* _WHAT THE EXERCISE ASKS_:
The lines from the top of the records below through the one containing "ein Esszimmer mit" are to be transcribed exactly, and nothing else is to be added.

┌─ INPUT RECORDS

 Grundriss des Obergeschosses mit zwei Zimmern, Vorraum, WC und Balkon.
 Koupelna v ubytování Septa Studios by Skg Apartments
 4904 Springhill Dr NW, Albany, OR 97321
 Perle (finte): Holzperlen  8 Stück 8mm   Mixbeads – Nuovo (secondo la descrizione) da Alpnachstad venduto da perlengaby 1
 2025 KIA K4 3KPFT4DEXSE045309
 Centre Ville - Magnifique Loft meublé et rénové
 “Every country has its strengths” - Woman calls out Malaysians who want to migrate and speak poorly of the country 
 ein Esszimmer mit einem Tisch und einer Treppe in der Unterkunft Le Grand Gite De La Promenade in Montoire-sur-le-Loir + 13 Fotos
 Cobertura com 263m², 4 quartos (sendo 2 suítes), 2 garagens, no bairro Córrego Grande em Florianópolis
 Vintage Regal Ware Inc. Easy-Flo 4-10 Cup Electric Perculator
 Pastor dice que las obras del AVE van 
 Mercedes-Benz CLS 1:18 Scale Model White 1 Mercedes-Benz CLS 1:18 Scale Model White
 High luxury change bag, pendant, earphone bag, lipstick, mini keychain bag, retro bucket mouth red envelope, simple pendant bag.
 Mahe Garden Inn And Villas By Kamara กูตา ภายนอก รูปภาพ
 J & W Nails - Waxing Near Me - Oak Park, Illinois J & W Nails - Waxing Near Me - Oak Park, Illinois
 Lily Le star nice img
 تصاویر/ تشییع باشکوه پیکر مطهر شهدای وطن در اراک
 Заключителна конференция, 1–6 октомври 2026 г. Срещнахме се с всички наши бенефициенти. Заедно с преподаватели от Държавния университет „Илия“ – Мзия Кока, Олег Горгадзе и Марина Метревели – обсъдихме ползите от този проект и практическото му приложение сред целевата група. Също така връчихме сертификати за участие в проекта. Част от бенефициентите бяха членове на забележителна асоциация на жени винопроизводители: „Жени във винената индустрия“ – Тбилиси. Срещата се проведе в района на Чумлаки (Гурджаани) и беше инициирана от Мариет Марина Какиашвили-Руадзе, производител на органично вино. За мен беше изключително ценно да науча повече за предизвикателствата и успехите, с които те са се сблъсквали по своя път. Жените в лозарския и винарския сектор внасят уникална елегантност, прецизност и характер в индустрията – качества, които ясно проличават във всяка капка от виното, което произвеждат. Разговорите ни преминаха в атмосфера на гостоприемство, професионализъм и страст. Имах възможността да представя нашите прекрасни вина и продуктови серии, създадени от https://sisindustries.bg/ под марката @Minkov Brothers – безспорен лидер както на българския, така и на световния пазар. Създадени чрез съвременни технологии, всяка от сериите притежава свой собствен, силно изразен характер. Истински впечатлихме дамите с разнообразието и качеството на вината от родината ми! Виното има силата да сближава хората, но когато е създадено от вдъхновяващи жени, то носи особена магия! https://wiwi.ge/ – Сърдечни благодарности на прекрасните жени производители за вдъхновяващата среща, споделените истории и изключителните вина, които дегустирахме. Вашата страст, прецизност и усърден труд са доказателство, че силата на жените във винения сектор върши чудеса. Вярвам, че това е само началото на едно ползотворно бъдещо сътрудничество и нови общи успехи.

└─

* _OUTPUT_:
 Grundriss des Obergeschosses mit zwei Zimmern, Vorraum, WC und Balkon.
 Koupelna v ubytování Septa Studios by Skg Apartments
 4904 Springhill Dr NW, Albany, OR 97321
 Perle (finte): Holzperlen  8 Stück 8mm   Mixbeads – Nuovo (secondo la descrizione) da Alpnachstad venduto da perlengaby 1
 2025 KIA K4 3KPFT4DEXSE045309
 Centre Ville - Magnifique Loft meublé et rénové
 “Every country has its strengths” - Woman calls out Malaysians who want to migrate and speak poorly of the country 
 ein Esszimmer mit einem Tisch und einer Treppe in der Unterkunft Le Grand Gite De La Promenade in Montoire-sur-le-Loir + 13 Fotos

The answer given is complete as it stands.